L'intero, poco noto, capitolo del codice penale che prevede queste misure stupisce, prima ancora che per le conseguenze, per il suo linguaggio. Del codice del 1930, firmato da Vittorio Emanuele III, da Mussolini e dal ministro Alfredo Rocco - tuttora in vigore - questa dedicata alle «misure di sicurezza detentiva» è la parte che racconta maggiormente il clima autoritario in cui è nato, figlio di culture giuridiche in cui si puniva non il reato ma la persona. Così gli articoli pretendono che il giudice si spinga nei meandri dell'animo umano, scrutando «una speciale inclinazione al delitto, che trovi una sua causa nell'indole particolarmente malvagia del colpevole» (articolo 108). Roba in cui si sente l'eco ottocentesco delle teorie di Cesare Lombroso, quello che misurava crani e sezionava cervelli alla ricerca delle malformazioni che rendono criminali «per inclinazione».

NULLA È CAMBIATO

Eppure è tutto ancora in vigore. Curiosamente la Corte Costituzionale, che tanti aggiustamenti ha imposto al codice Rocco, qui ha modificato solo piccoli dettagli. Di queste misure si è fatto grande uso fino al 2000, quando il numero degli internati in Italia raggiungeva i mille e cinquecento; poi è iniziata una lenta, costante discesa fino all'ultimo dato disponibile, quello del dicembre scorso: 349 persone.

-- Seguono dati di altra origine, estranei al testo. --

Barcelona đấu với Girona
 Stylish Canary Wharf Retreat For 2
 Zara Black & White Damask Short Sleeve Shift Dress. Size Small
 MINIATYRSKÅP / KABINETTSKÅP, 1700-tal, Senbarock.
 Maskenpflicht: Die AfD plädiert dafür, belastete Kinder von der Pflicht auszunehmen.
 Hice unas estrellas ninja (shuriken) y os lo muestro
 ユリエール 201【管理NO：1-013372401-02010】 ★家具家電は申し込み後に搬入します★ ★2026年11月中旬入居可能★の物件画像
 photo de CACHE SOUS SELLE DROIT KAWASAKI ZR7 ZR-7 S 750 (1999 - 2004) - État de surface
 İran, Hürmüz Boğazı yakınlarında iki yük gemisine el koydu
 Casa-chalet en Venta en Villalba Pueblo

Tante, comunque. Un piccolo esercito di presunti pericolosi, distribuiti in sei «case di lavoro». Si chiamano così, e questo è l'altro grande equivoco della faccenda.

Dietro il nome di «casa di lavoro» è facile immaginarsi un posto dove si lavora, dove i presunti pericolosi possono svolgere una qualche attività, con l'auspicio che si redimano e si creino così le condizioni per un loro reinserimento pieno nella società. Ebbene, niente - o quasi - di tutto questo. Le sei case di lavoro attualmente in funzione in Italia sono carceri, indistinguibili dalle prigioni dove si finisce per avere commesso un delitto, e non per il timore che se ne possano compiere. Come le carceri, non sono tutte uguali. In alcuna si sta meglio, in altre si sta peggio. Ma sono posti fatti di celle, sbarre e secondini.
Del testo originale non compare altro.